* WHAT THIS TASK INVOLVES: Below, some lines carry pictures; leave those pictures out and retype exactly the lines from the one with "Vetements Black Friday Distressed Cap" through the one with "Wong, 原创艺术品, 墨".

* RECORDS SUPPLIED:
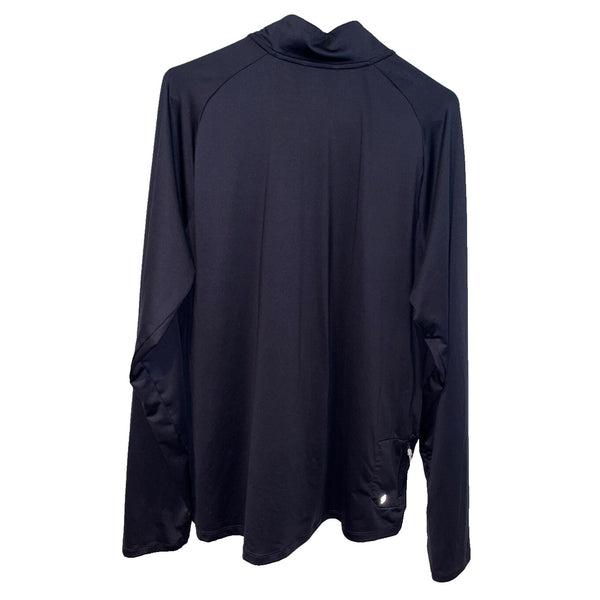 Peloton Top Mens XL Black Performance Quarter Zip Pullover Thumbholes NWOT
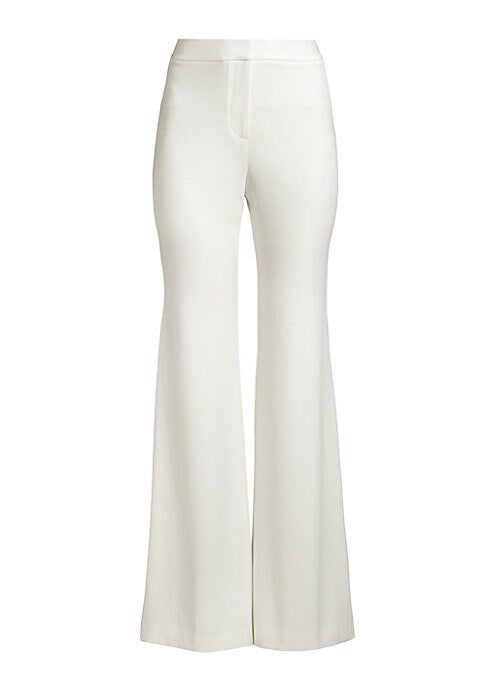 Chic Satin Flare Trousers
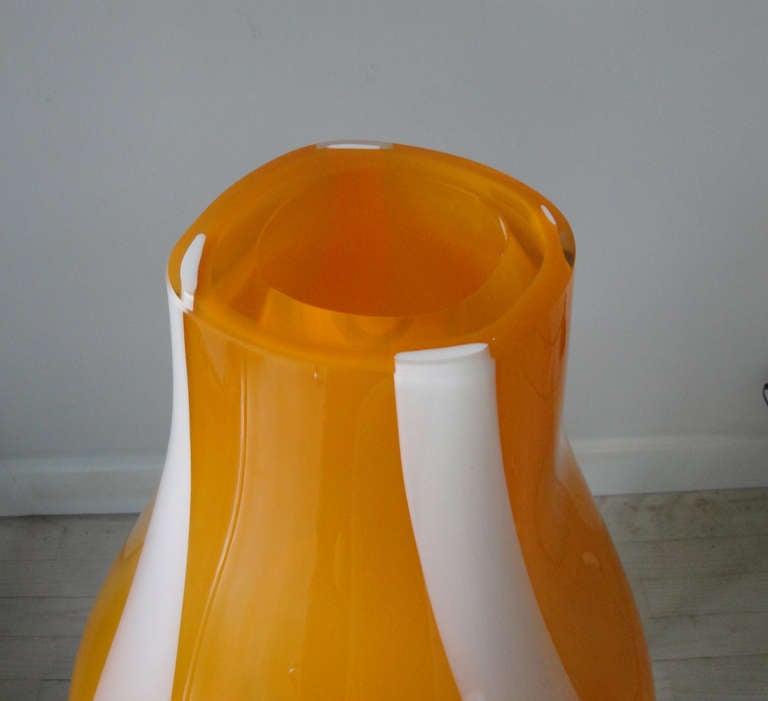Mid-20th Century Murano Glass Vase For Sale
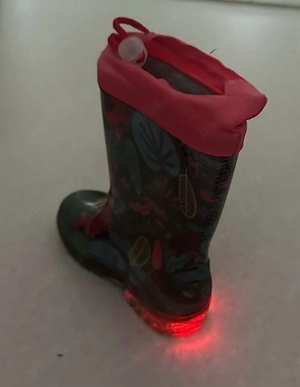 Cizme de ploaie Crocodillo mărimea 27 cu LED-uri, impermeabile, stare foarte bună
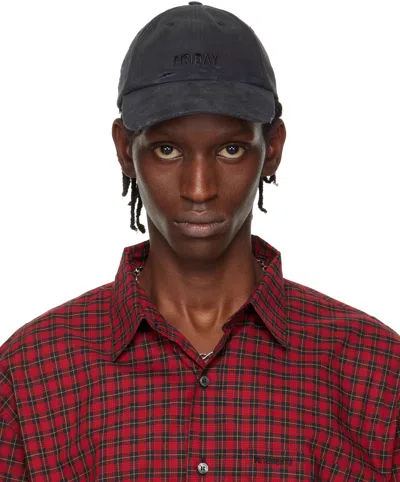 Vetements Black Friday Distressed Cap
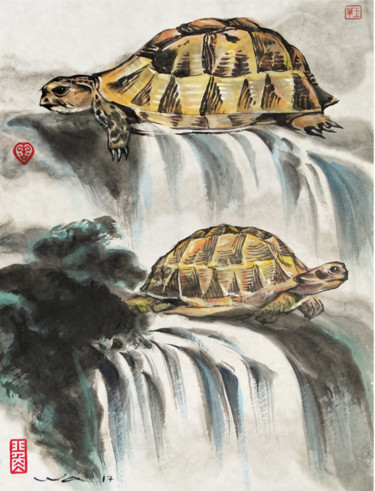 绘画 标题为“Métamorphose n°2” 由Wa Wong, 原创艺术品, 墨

==

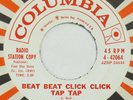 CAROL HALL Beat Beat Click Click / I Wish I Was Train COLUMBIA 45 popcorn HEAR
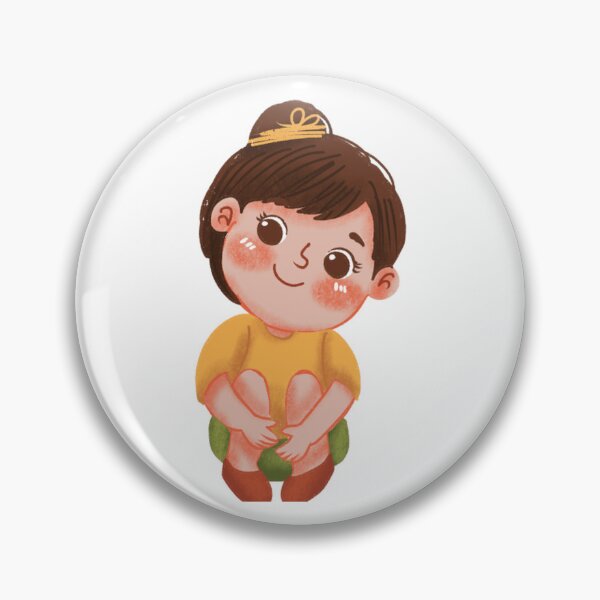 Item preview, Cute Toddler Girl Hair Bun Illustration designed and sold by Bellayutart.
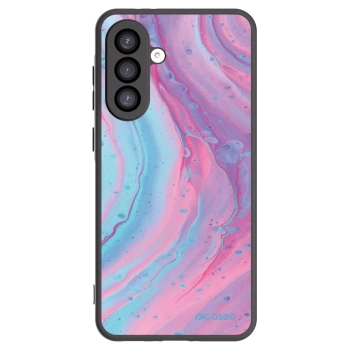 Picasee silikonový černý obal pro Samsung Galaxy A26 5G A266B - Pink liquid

* * *

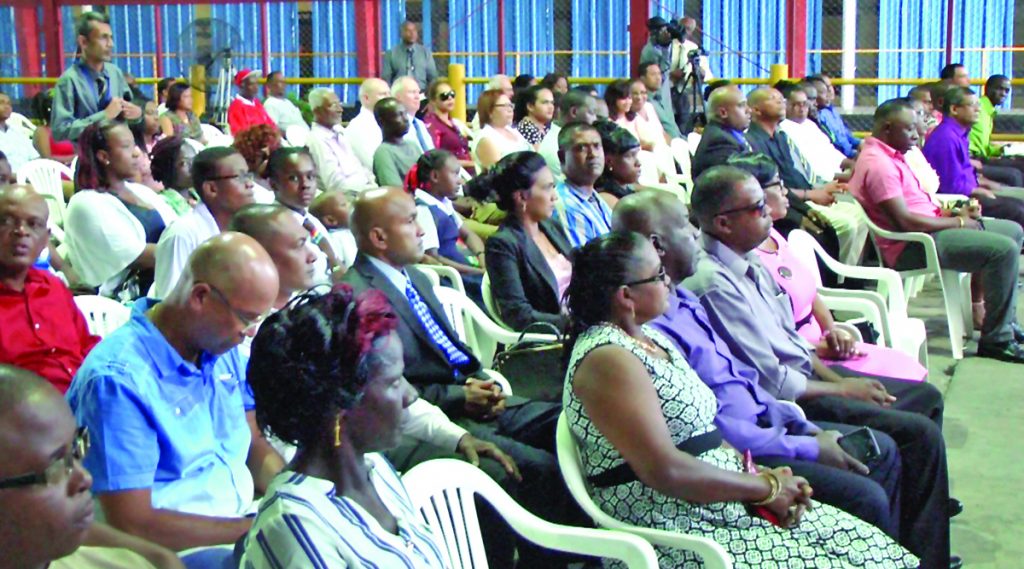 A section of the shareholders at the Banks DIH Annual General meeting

* TASK RESPONSE:
 Vetements Black Friday Distressed Cap
 绘画 标题为“Métamorphose n°2” 由Wa Wong, 原创艺术品, 墨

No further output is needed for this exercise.